I performed the following test:

print('[1]23', mid('123', 1, 1))
print('1[2]3', mid('123', 2, 1))
print('12[3]', mid('123', 3, 1))
print('[12]3', mid('123', 1, 2))
print('1[23]', mid('123', 2, 2))

Which resulted in:

[1]23 1
1[2]3 2
12[3] 3
[12]3 12
1[23] 23

Which was what I was expecting. The original mid() code produces this:

[1]23 2
1[2]3 3
12[3] 
[12]3 23
1[23] 3

But the left() and right() functions work fine. Thank you.

You can use this method also it will act like that

thadari=[1,2,3,4,5,6]

#Front Two(Left)
print(thadari[:2])
[1,2]

#Last Two(Right)# edited
print(thadari[-2:])
[5,6]

#mid
mid = len(thadari) //2

lefthalf = thadari[:mid]
[1,2,3]
righthalf = thadari[mid:]
[4,5,6]

Hope it will help

This is Andy's solution. I just addressed User2357112's concern and gave it meaningful variable names. I'm a Python rookie and preferred these functions.

def left(aString, howMany):
    if howMany <1:
        return ''
    else:
        return aString[:howMany]

def right(aString, howMany):
    if howMany <1:
        return ''
    else:
        return aString[-howMany:]

def mid(aString, startChar, howMany):
    if howMany < 1:
        return ''
    else:
        return aString[startChar:startChar+howMany]

There are built-in functions in Python for "right" and "left", if you are looking for a boolean result.

str = "this_is_a_test"
left = str.startswith("this")
print(left)
> True

right = str.endswith("test")
print(right)
> True

These work great for reading left / right "n" characters from a string, but, at least with BBC BASIC, the LEFT$() and RIGHT$() functions allowed you to change the left / right "n" characters too...

E.g.:

10 a$="00000"
20 RIGHT$(a$,3)="ABC"
30 PRINT a$

Would produce:

00ABC

Edit : Since writing this, I've come up with my own solution...

def left(s, amount = 1, substring = ""):
    if (substring == ""):
        return s[:amount]
    else:
        if (len(substring) > amount):
            substring = substring[:amount]
        return substring + s[:-amount]

def right(s, amount = 1, substring = ""):
    if (substring == ""):
        return s[-amount:]
    else:
        if (len(substring) > amount):
            substring = substring[:amount]
        return s[:-amount] + substring

To return n characters you'd call

substring = left(string,<n>)

Where defaults to 1 if not supplied. The same is true for right()

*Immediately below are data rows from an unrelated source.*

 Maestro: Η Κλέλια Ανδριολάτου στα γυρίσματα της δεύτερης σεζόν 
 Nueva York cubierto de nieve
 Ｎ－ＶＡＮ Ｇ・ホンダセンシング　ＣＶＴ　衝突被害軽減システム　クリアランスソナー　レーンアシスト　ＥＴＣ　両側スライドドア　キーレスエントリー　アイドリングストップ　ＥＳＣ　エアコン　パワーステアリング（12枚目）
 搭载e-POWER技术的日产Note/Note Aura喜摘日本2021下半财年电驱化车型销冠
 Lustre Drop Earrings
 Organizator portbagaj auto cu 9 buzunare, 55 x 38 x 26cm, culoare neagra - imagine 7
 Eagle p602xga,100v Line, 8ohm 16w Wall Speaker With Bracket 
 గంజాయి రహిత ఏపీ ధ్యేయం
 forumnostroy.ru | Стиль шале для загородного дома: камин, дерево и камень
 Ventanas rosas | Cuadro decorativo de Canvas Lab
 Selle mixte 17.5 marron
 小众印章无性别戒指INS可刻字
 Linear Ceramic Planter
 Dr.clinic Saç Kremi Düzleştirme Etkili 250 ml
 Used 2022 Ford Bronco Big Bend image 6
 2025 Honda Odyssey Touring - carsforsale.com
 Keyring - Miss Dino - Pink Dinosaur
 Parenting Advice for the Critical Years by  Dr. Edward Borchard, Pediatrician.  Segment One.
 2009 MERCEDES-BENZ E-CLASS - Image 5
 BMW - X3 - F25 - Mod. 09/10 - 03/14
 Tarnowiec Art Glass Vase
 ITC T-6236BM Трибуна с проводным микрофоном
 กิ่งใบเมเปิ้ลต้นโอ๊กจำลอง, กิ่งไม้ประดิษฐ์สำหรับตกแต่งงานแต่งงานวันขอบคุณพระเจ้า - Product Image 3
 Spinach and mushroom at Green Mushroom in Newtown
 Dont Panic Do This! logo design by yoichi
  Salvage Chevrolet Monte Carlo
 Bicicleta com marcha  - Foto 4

To change the left or right n characters of a string you'd call

newstring = left(string,<n>,substring)

This would take the first n characters of substring and overwrite the first n characters of string, returning the result in newstring. The same works for right().

Based on the comments above, it would seem that the Right() function could be refactored to handle errors better. This seems to work:

def right(s, amount):
    if s == None:
        return None
    elif amount == None:
        return None # Or throw a missing argument error
    s = str(s)
    if amount > len(s):
        return s
    elif amount == 0:
        return ""
    else:
        return s[-amount:]

print(right("egg",2))
print(right(None, 2))
print(right("egg", None))
print(right("egg", 5))
print("a" + right("egg", 0) + "b")